The criticism has put the Russian president in a fragile, perhaps vulnerable position. From the standpoint of sheer political survival, cutting his losses in Ukraine simply isn’t an option.
“It’s a trap for Putin. Because with these groups of people, you have to be a winner,” exiled Russian journalist Mikhail Rubin said. “These people support him, and he depends on them. … They can be only with the president as a winner, not with the president as a loser.
“He cannot disappoint his new supporters,” Mr. Rubin told The Washington Times.
Alex Younger, who headed the British MI6 intelligence service from 2014 to 2020, told the BBC in October that the Russian leader is in a precarious position.
“He’s in danger of being outflanked by the very political constituency he created,” he said. “The chauvinistic, nationalistic, arguably fascistic right wing that was his support base is now castigating him for not going far and hard enough.”
SEE ALSO: Putin blames the U.S. and its Western allies for the war in Ukraine
Mr. Putin appears unyielding and unapologetic on the eve of the war’s anniversary. He portrayed Ukraine and its Western allies as the aggressors in his much-delayed State of the Nation address Tuesday to an audience of Russian lawmakers, state officials and military veterans.

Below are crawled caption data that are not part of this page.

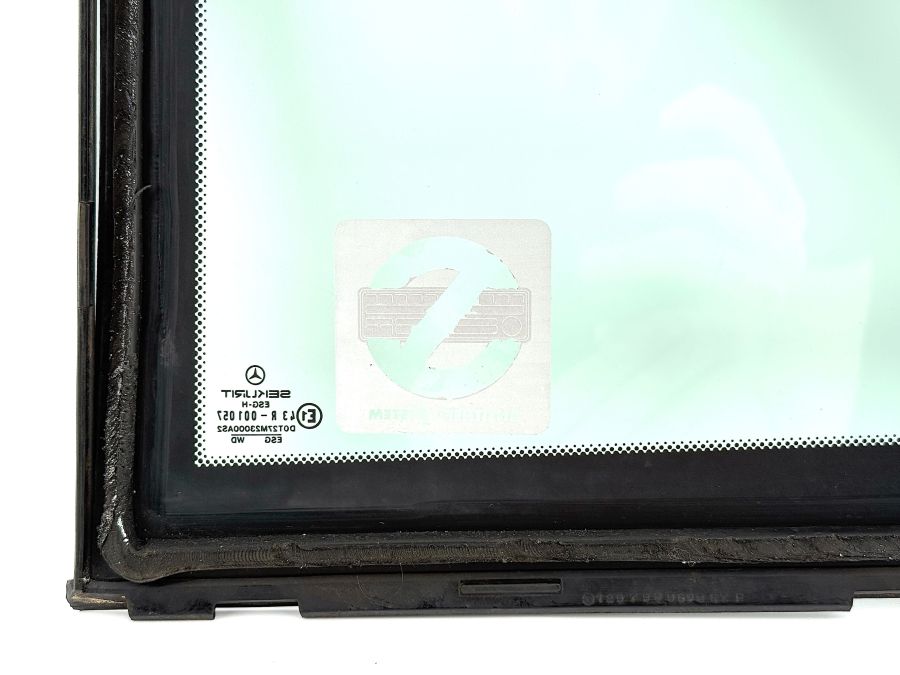 1297900690 | Mercedes 300SL-24 | R129 Hardtop rear right side window glass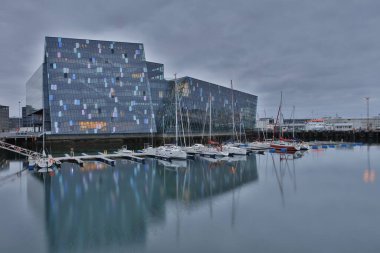 Reykjavik 'teki opera binası.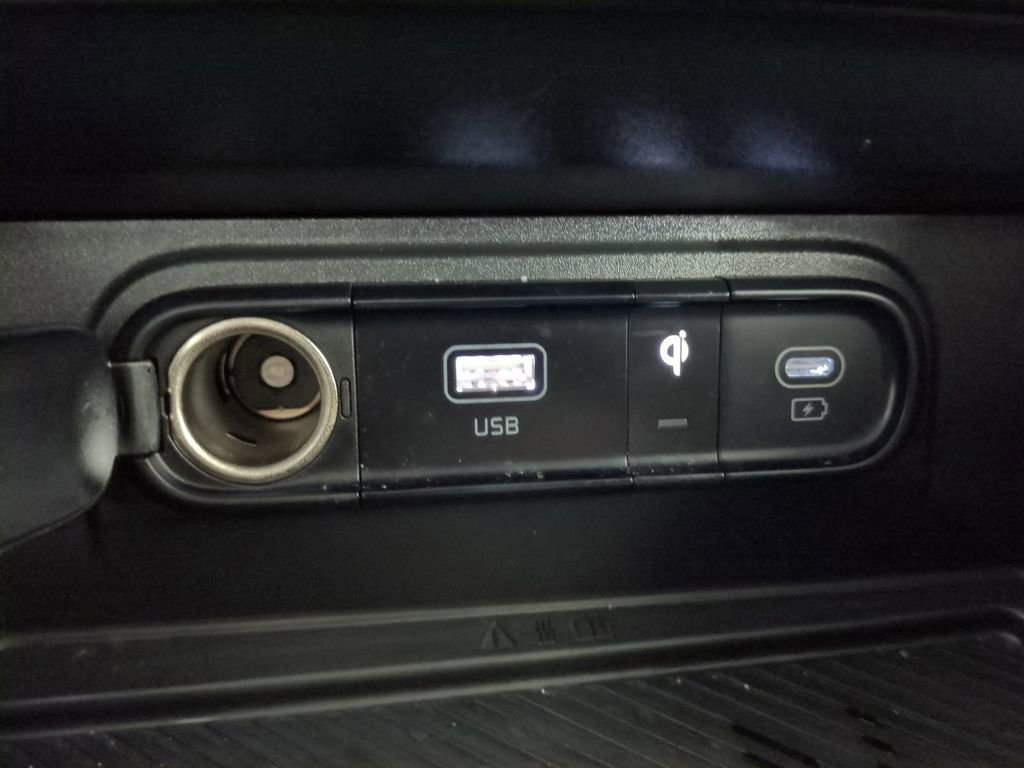 Used 2024 Kia Sportage EX image 26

“Western elites aren’t trying to conceal their goals, to inflict a ‘strategic defeat’ to Russia,” Mr. Putin said in a grievance-filled address carried on all of Russia’s state TV channels. “They intend to transform the local conflict into a global confrontation.
“It’s they who have started the war. And we are using force to end it,” Mr. Putin said.
Within those right-wing circles, foreign policy analysts and Russian political watchers say, Mr. Putin’s decision to invade Ukraine and bring it back into Moscow’s orbit was not only correct but also necessary for the nation’s long-term survival.
Ultranationalist Russian intellectual Alexander Dugin, sometimes referred to as “Putin’s brain,” has framed the conflict in the most existential of terms.
“There are two possibilities. First, it will end when we win …,” he said in a December interview with the Indian news outlet TV9 Bharatvarsh. “And the second possibility is that this fight will end with the end of the world. Either we win, or the world will be destroyed.”
High-stakes power struggle
With the stakes so high, Mr. Putin is in a position where defeat in Ukraine is unacceptable lest his nearly 2½-decade grip on power come to an unceremonious end.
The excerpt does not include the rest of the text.